**Required work:** Transcribe the following records exactly, images excluded.

Given information below:

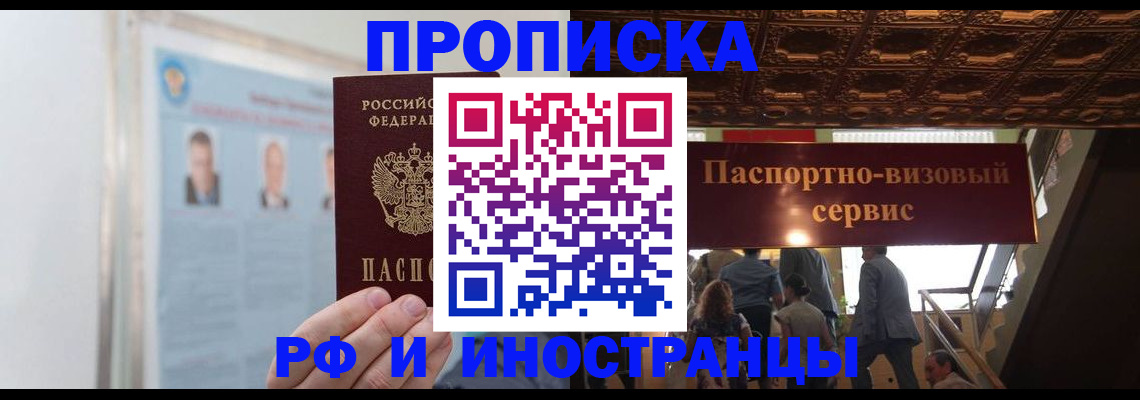 временная регистрация в Переславль-Залесском
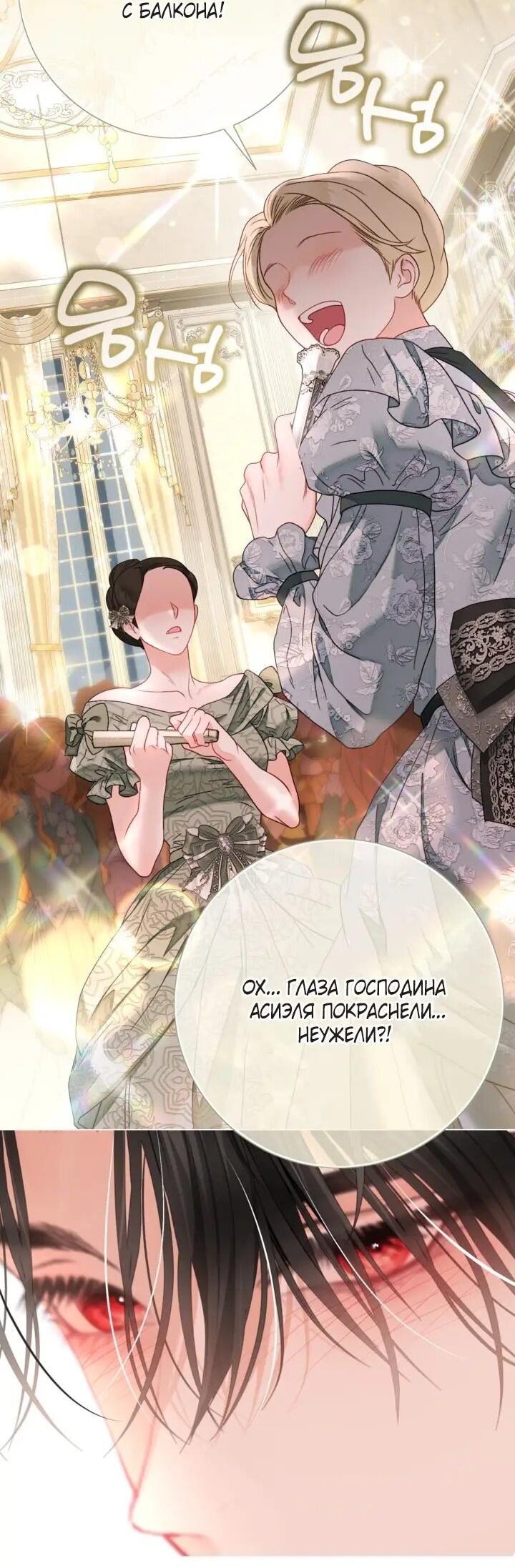 Манга Мир без моей сестры, которую все любили - Глава 108 Страница 16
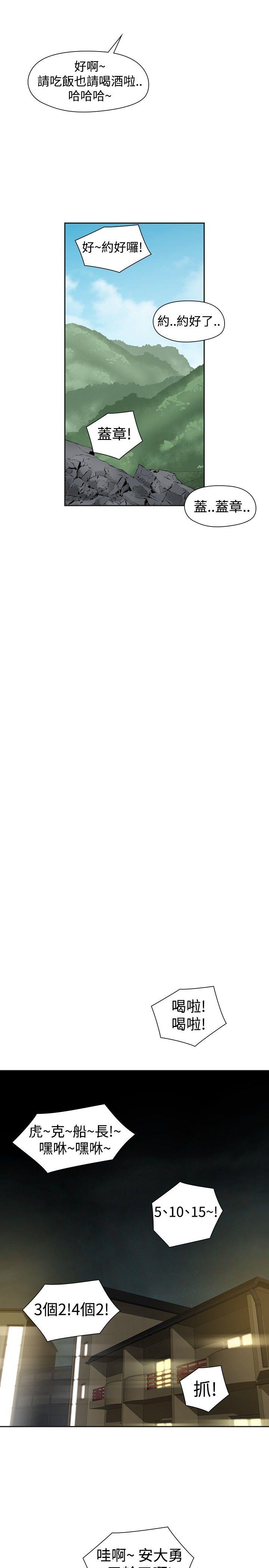 [韩国漫画] 二十再重来 剧情,巨乳大奶#[52P]-48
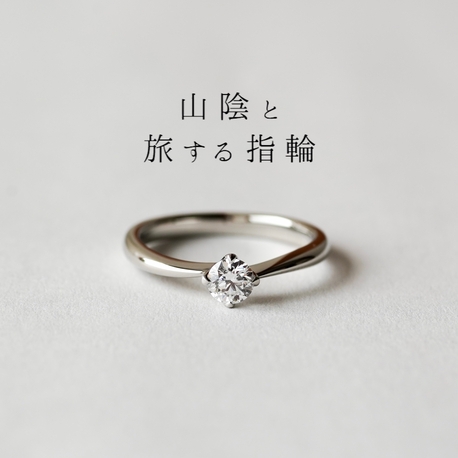 ATSUTA（アツタ）:‐願い‐　【山陰と旅する指輪】
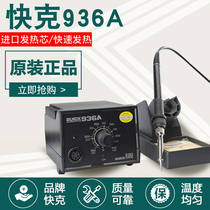 QUICK Quick-gram 936A welding desk electric iron adjustable thermostatic soldering iron mobile phone repair home welding tool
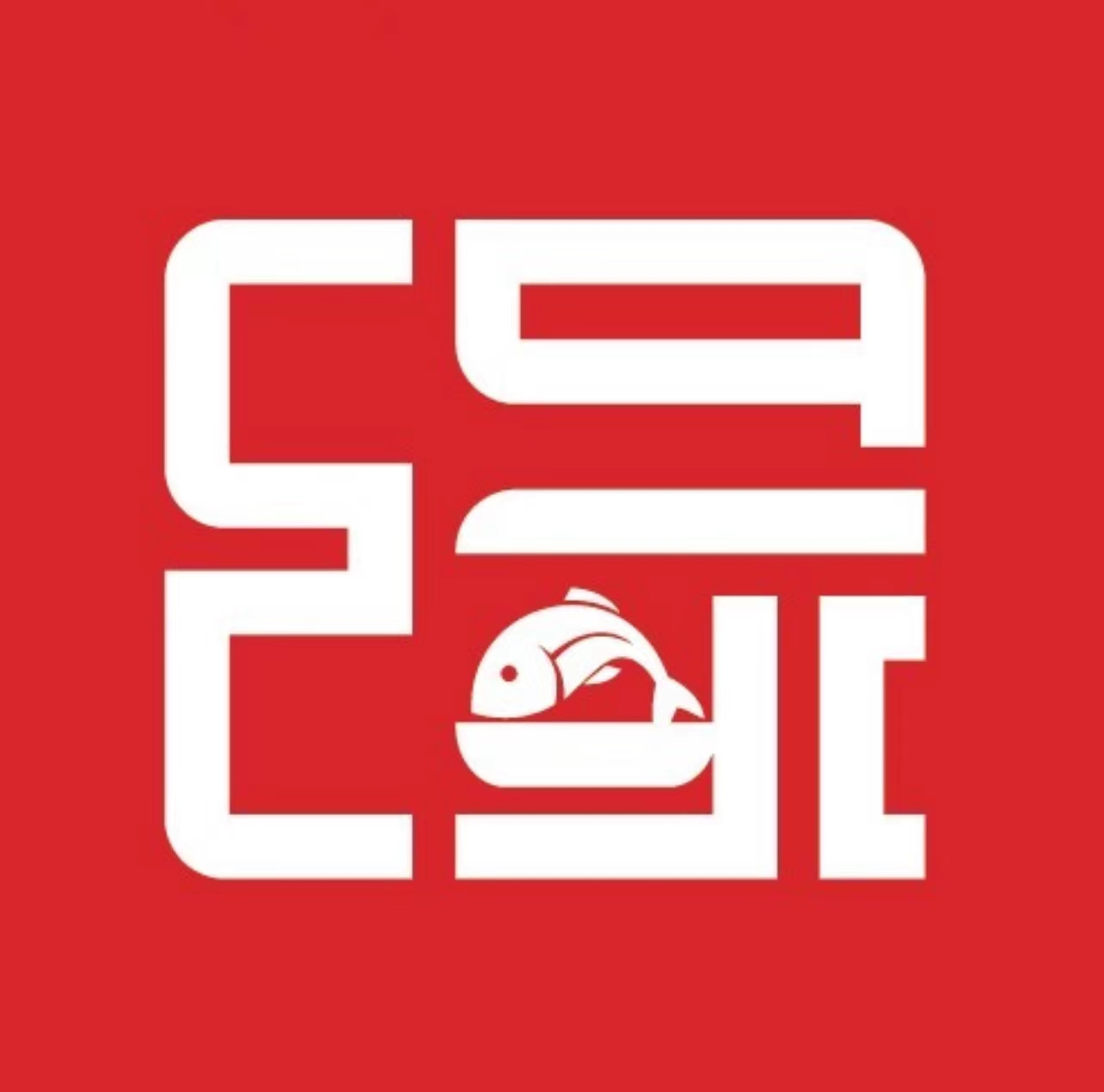 匆时缘纸上烤鱼鸡公煲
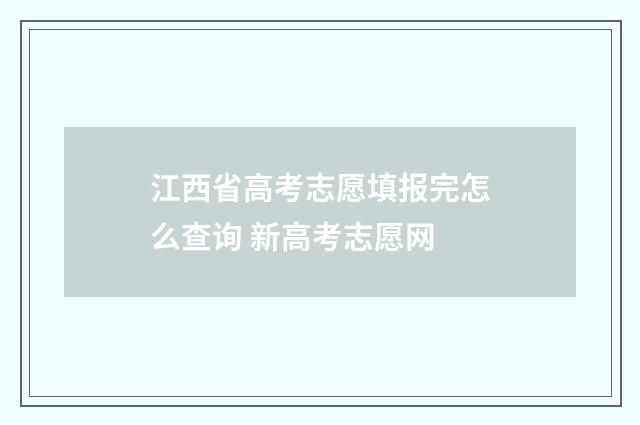 江西省高考志愿填报完怎么查询 新高考志愿网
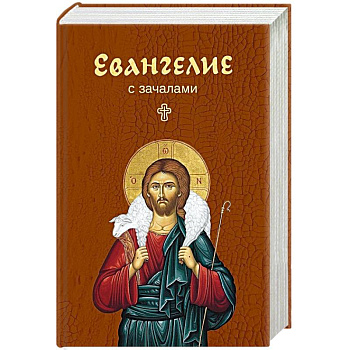 Евангелие. С зачалами. В синоидальном переводе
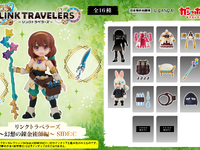 【リンクトラベラーズ】「幻想の錬金術師編~SIDE:C」「キャラクターセレクション04 feat.KEMONO」【オンライン予約開始】の画像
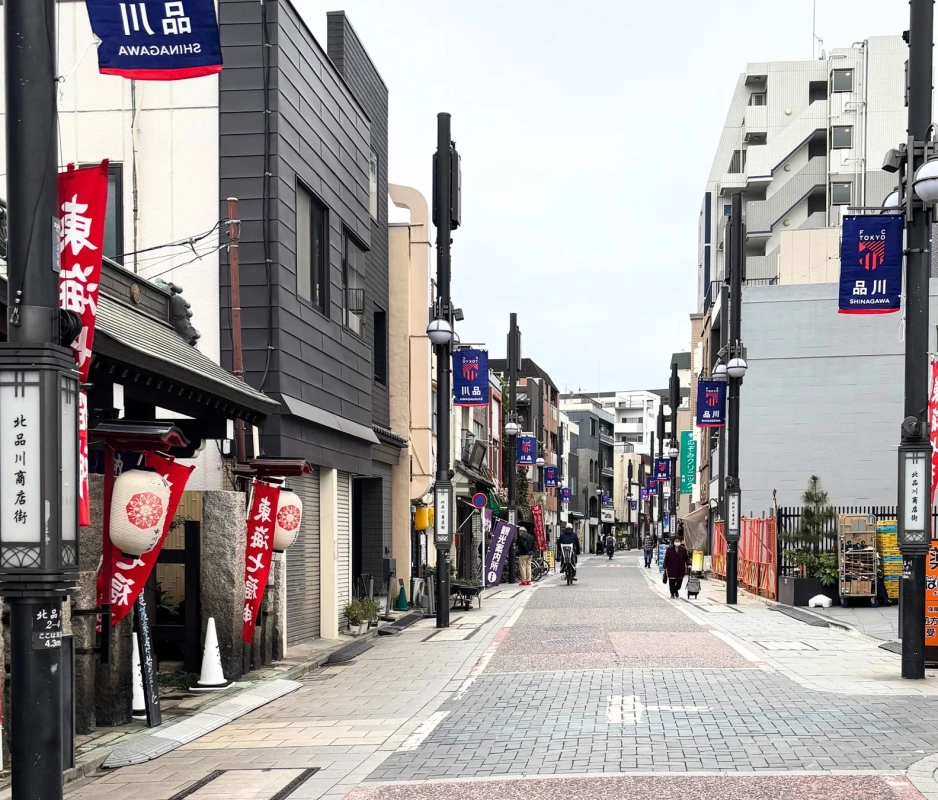 北品川商店街の風景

End of Given information.

**Your solution:**
 временная регистрация в Переславль-Залесском
 Манга Мир без моей сестры, которую все любили - Глава 108 Страница 16
 [韩国漫画] 二十再重来 剧情,巨乳大奶#[52P]-48
 ATSUTA（アツタ）:‐願い‐　【山陰と旅する指輪】
 QUICK Quick-gram 936A welding desk electric iron adjustable thermostatic soldering iron mobile phone repair home welding tool
 匆时缘纸上烤鱼鸡公煲
 江西省高考志愿填报完怎么查询 新高考志愿网
 Евангелие. С зачалами. В синоидальном переводе
 【リンクトラベラーズ】「幻想の錬金術師編~SIDE:C」「キャラクターセレクション04 feat.KEMONO」【オンライン予約開始】の画像
 北品川商店街の風景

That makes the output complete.